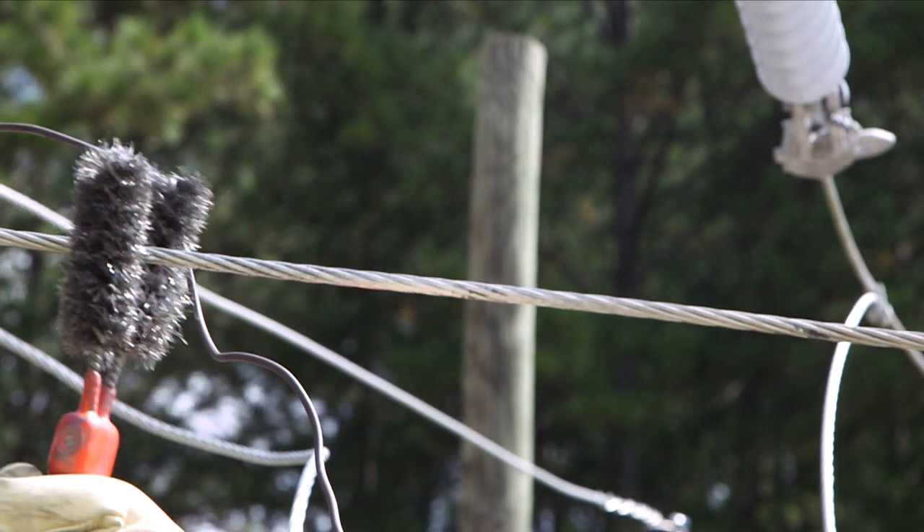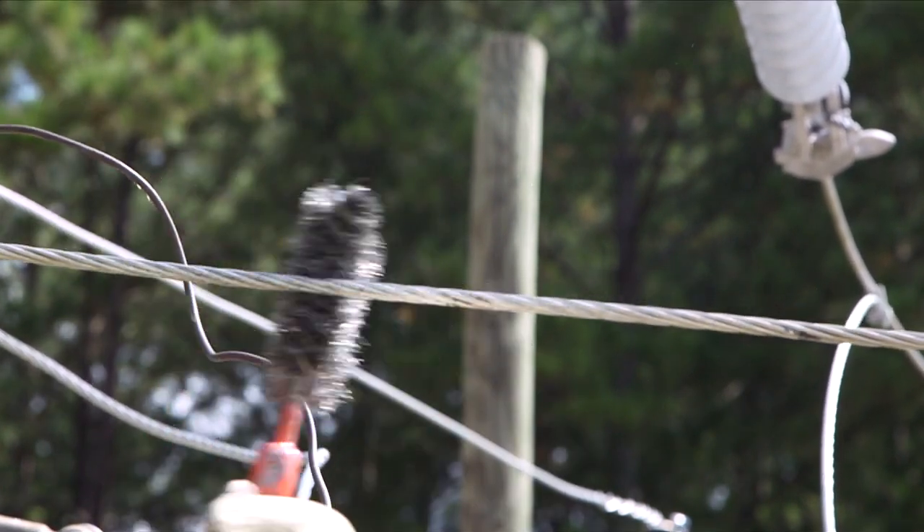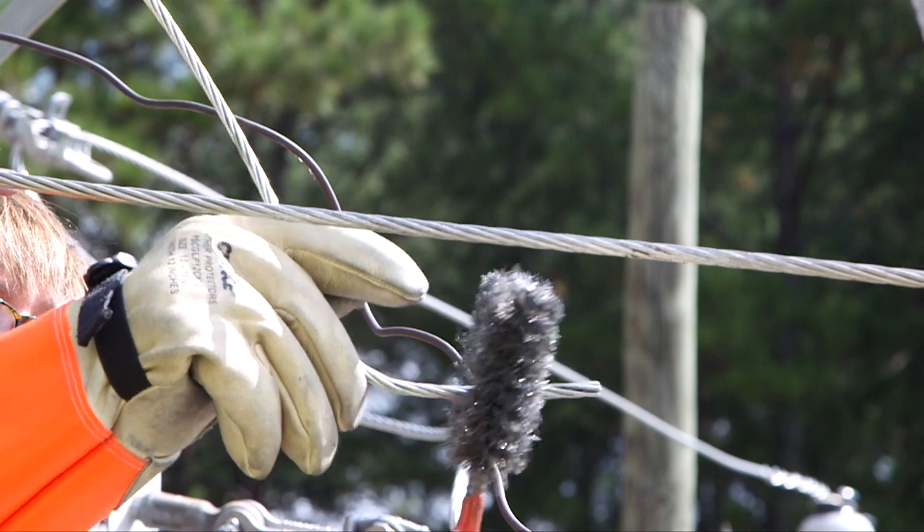Vigorously clean all contact surfaces of the connector and conductor with a stiff stainless steel wire brush to remove oxides. Typically a bright aluminum surface should be obtained.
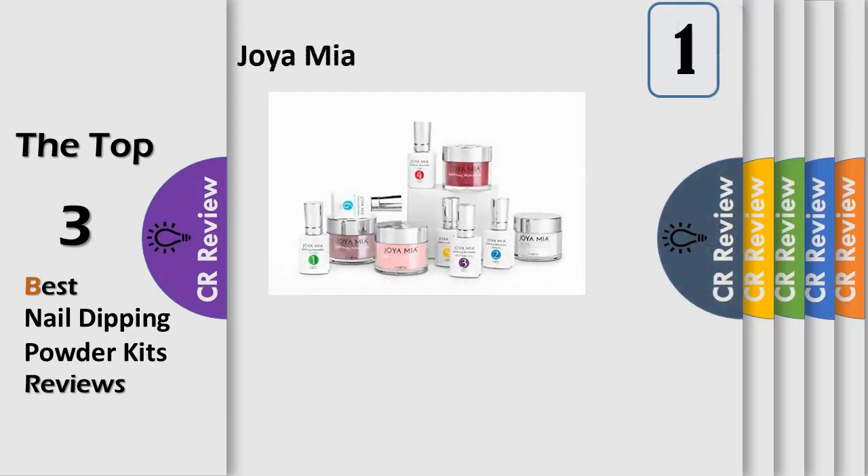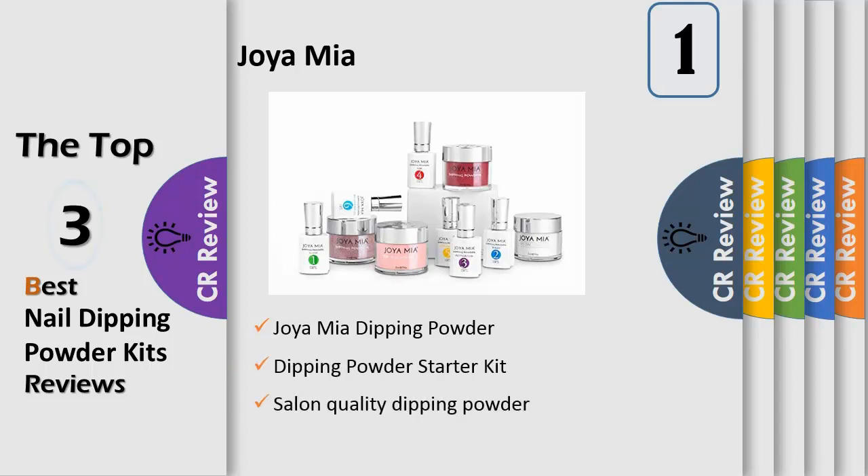Number 1: Joyomia Dipping Powder System is the new way to get salon quality manicure with the wearability of a gel and the durability of an acrylic. Joyomia Dipping Powder System will make your nails feel light, strong, shiny, and naturally beautiful every time. The Joyomia Dipping Powder Starter Kit includes bond, base, top coat, activator, cuticle oil, 3 powder colors, clear powder, and instructions.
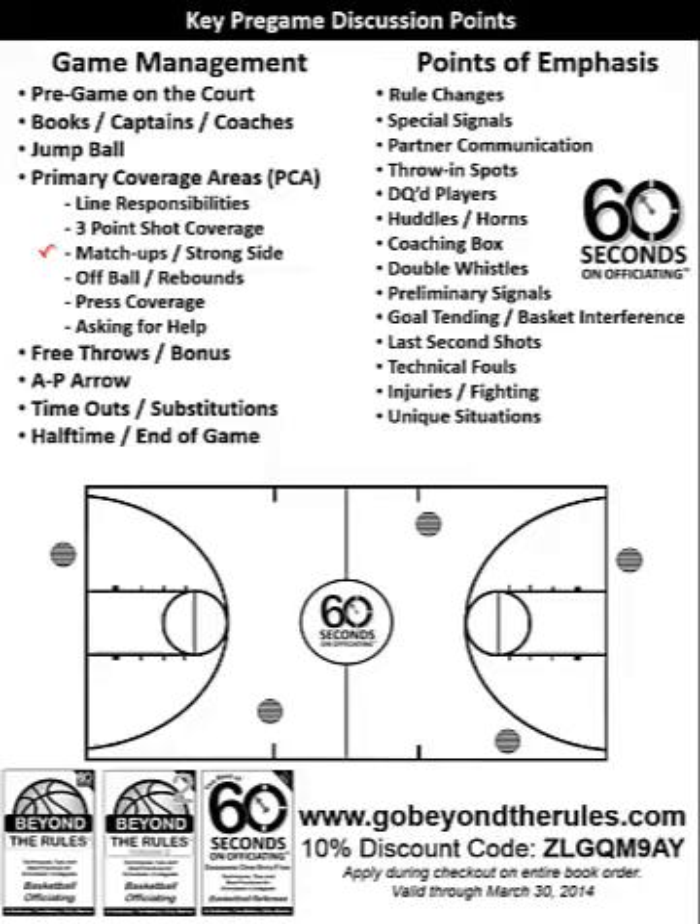Let's talk about matchups and strong side. In a two-person game, you're generally going to stay in your spots and not rotate during a live ball. But if you have a particular matchup, the lead can rotate over to get a better look at the strong side, especially if you have a lot of players on that side. In a pregame, you should always say: if the lead does come over, when the ball transitions back up court, they're going back to the side they originally started on — they never give up their line. They're always going to cover their lines while helping out on that strong-side area.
___
▸ Exercise prompt: Drop the pictures and copy the data exactly.

▸ Exercise answer:
Vigorously clean all contact surfaces of the connector and conductor with a stiff stainless steel wire brush to remove oxides. Typically a bright aluminum surface should be obtained.
Number 1: Joyomia Dipping Powder System is the new way to get salon quality manicure with the wearability of a gel and the durability of an acrylic. Joyomia Dipping Powder System will make your nails feel light, strong, shiny, and naturally beautiful every time. The Joyomia Dipping Powder Starter Kit includes bond, base, top coat, activator, cuticle oil, 3 powder colors, clear powder, and instructions.
Let's talk about matchups and strong side. In a two-person game, you're generally going to stay in your spots and not rotate during a live ball. But if you have a particular matchup, the lead can rotate over to get a better look at the strong side, especially if you have a lot of players on that side. In a pregame, you should always say: if the lead does come over, when the ball transitions back up court, they're going back to the side they originally started on — they never give up their line. They're always going to cover their lines while helping out on that strong-side area.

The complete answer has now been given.